«Améliodétérioration» dans la réforme de l’AVS

10 juin 2021 Nouvelles

Par ses dernières résolutions sur l'adaptation de la réforme de l'AVS, le Conseil national s'engage dans une voie dangereuse: après l'échec de tous les efforts de réforme, un succès du projet de loi actuel s’impose de toute urgence pour stabiliser financièrement la plus grande assurance sociale. Il faut éviter les écueils qui pourraient mettre en péril une majorité dans les urnes - du point de vue des employeurs non seulement des solutions transitoires trop coûteuses, mais aussi l’idée consistant à ponctionner les caisses de la Banque nationale.

Lors de la session de printemps, le risque que le Conseil national s’écarte des décisions du Conseil des Etats prises au printemps lors du traitement du projet de réforme «AVS 21» était couru d’avance. Ce dossier peut actuellement se décomposer assez clairement en deux volets: les mesures décidées par les deux Conseils et jugées nécessaires par les employeurs: l’égalisation de l’âge de la retraite des femmes, la flexibilisation de la retraite entre 63 et 70 ans et un lien juridique entre la réforme de l’AVS proprement dite et le financement supplémentaire par la TVA. Ce dernier point est nécessaire car si la question de l’augmentation de la TVA doit absolument être résolue dans les urnes, il y aurait un risque que la réforme de l’AVS entre en vigueur mais sans le financement additionnel – ou vice versa.

Dans la deuxième partie de la réforme, cependant, des divergences considérables subsistent entre les Chambres.

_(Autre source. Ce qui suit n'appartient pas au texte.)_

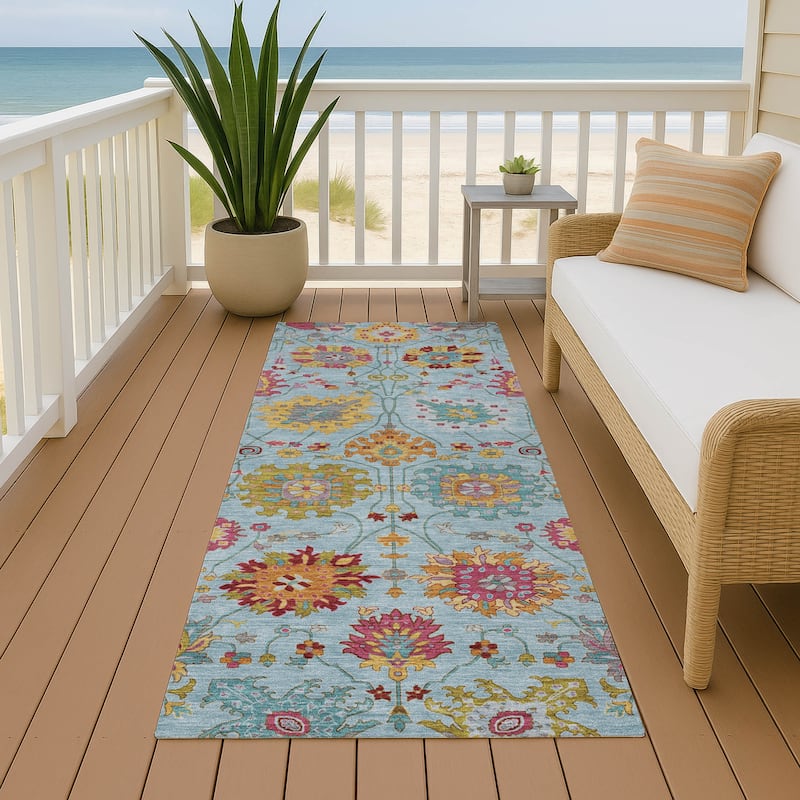 Machine Washable Indoor/ Outdoor Traditional Kashan Chantille Rug - Sky - 2'3" x 7'6"
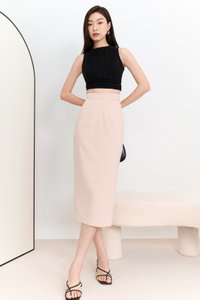 DEFECT | Ciara Co-ord Work Midi Skirt in Blush in L DEFECT | Ciara Co-ord Work Midi Skirt in Blush in L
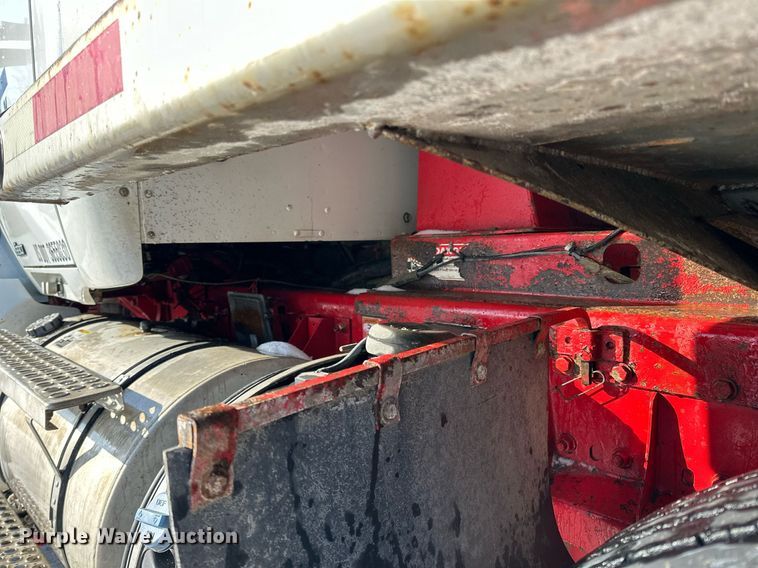 image for item LO9470 2016 Kenworth  T880 dump truck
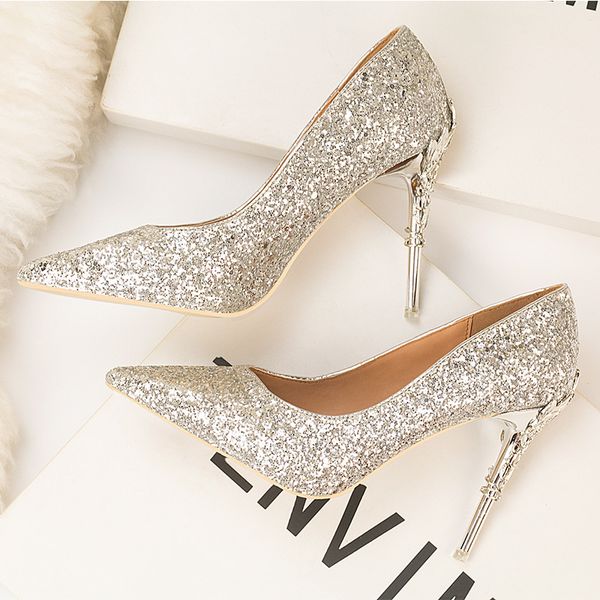 nice2020 fashion 9616-60 nightclub women's metal thin high heel shallow mouth pointed sequined shoes, Black
nice2020 fashion 9616-60 nightclub women's metal thin high heel shallow mouth pointed sequined shoes, Black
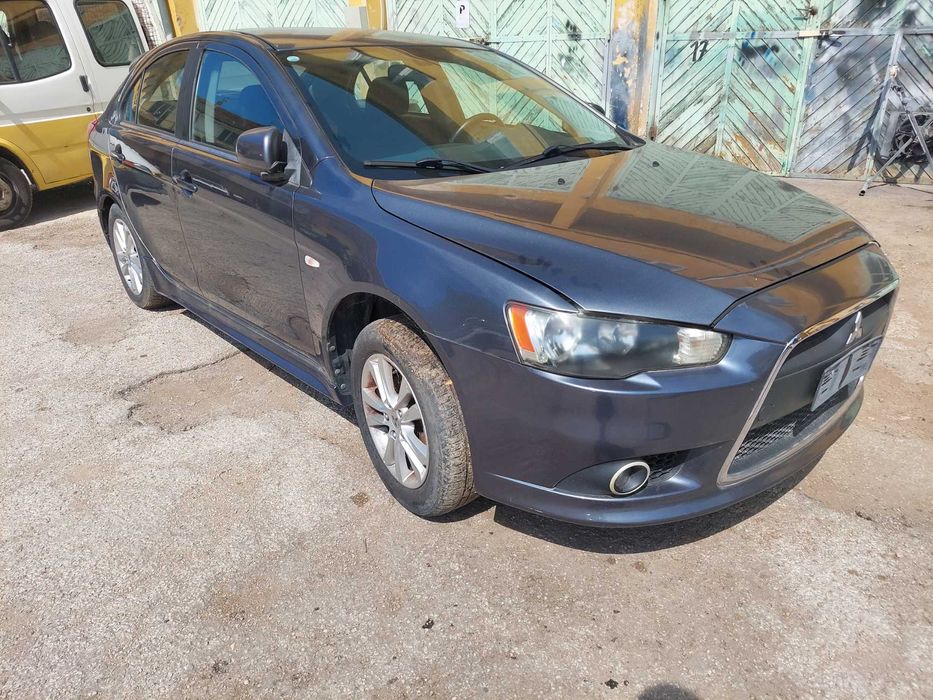 Mitsubishi Lancer 1.5i GPL   Автомат на части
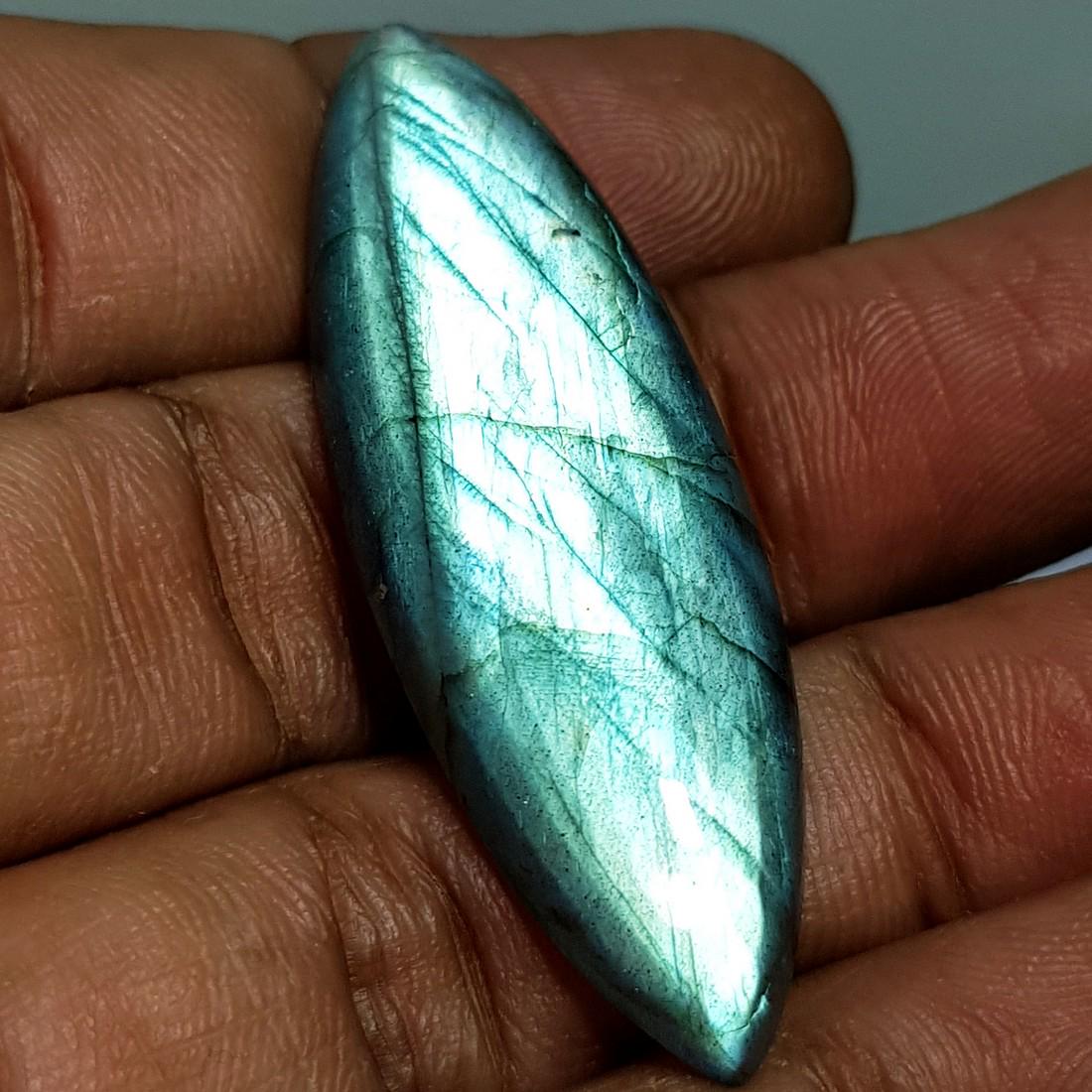 33.44 ct Natural Labradorite (1 of 5)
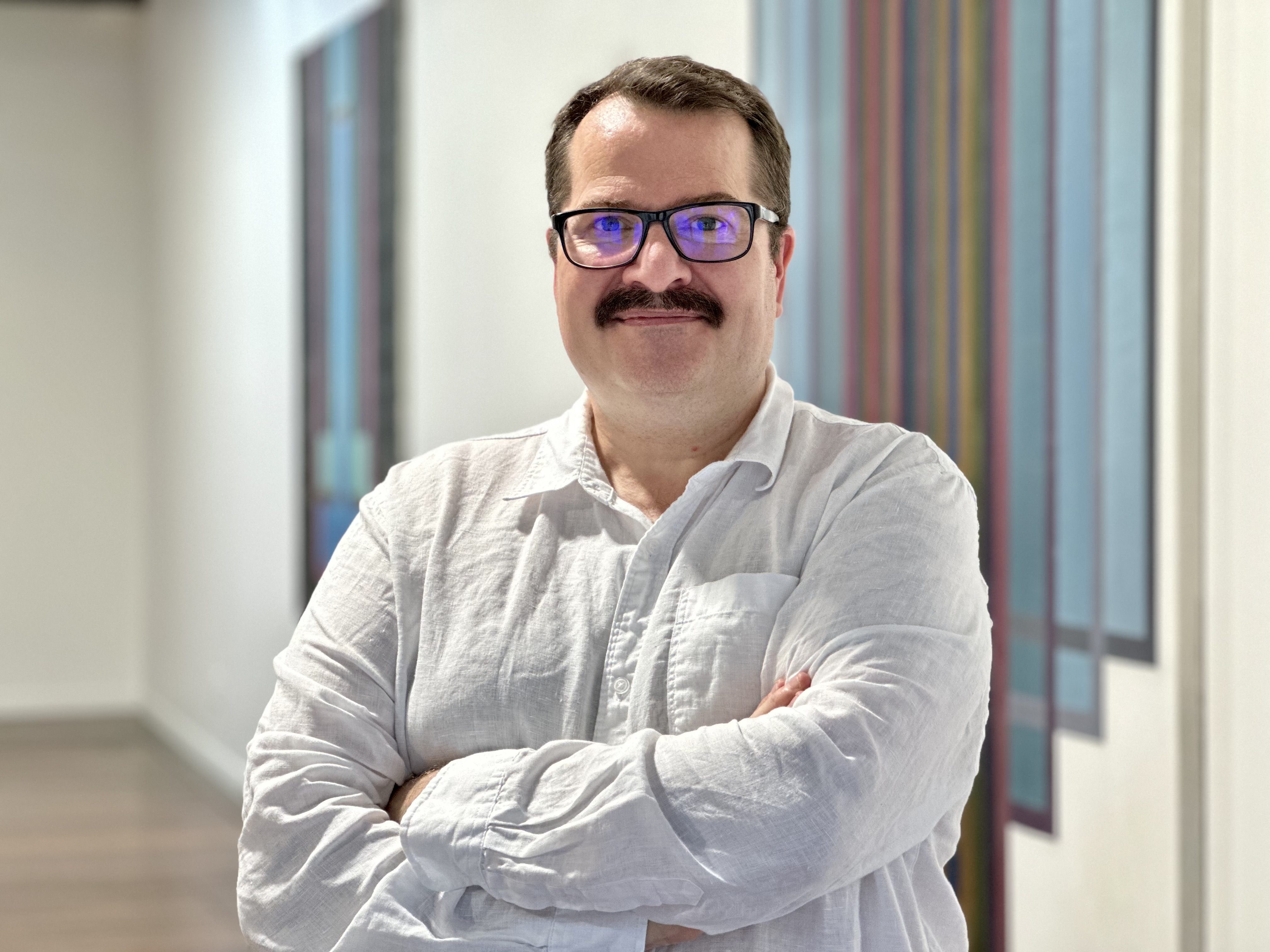 Scott Lawrie Gallery director Scott Lawrie says he gave up on Facebook after spending heavily on advertising but nonetheless having to wait weeks for help after his account was hacked.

Trois d’entre elles en particulier: premièrement, on ne s’accorde pas sur les années de transition qui devraient bénéficier de mesures compensatoires au titre de l’égalisation de l’âge de la retraite des femmes et sur la manière dont celles-ci devraient être conçues concrètement. Pour les employeurs, ces mesures sont clairement nécessaires, mais elles doivent rester dans une saine proportion par rapport aux économies structurelles. Le modèle du Conseil des Etats, avec des coûts maximums d’environ 420 millions de francs, répond bien mieux à cette exigence que celui du Conseil national (coûts supplémentaires maximums de 670 millions de francs par an). La solution du National, en revanche, permettrait de soutenir de manière plus ciblée les femmes qui percevront une rente AVS particulièrement faible. Deuxièmement, en raison des coûts supplémentaires de la génération transitoire, la variante du Conseil national exige aussi une majoration plus importante de la TVA, soit de 0,4 point. En revanche, grâce aux économies correspondantes, une réforme avec augmentation de 0,3 point serait possible conformément à la décision du Conseil des Etats, ce qui est également souhaité par les employeurs.

Troisièmement, une alliance contre nature entre la gauche et la droite du Conseil national a inspiré à ce dernier de vouloir utiliser non seulement la TVA, mais aussi les revenus des taux d’intérêt négatifs de la Banque nationale pour assurer le financement additionnel. Pour les employeurs, en particulier, il est impensable de puiser dans les coffres de la Banque nationale. Non seulement une telle mesure équivaudrait de facto à un financement pur et simple par la Confédération, mais ce serait une incongruité du point de vue de la politique monétaire: compte tenu de l’obligation d’indépendance de la Banque nationale, ses flux de paiement ne peuvent pas être contrôlés par la Confédération et ne sauraient donc servir à assainir un système d’assurances sociales, ne serait-ce que pour des raisons de politique fondamentale. Si le Conseil des États devait suivre cette voie – ce qui est plutôt improbable compte tenu de ses décisions récentes sur les propositions correspondantes – cela compromettrait sérieusement les chances du projet de loi d’obtenir une majorité. Après des décennies de blocage et le désir d’une réforme allégée et rapide de l’AVS qui se manifeste de toutes parts, cela serait d’autant plus dévastateur.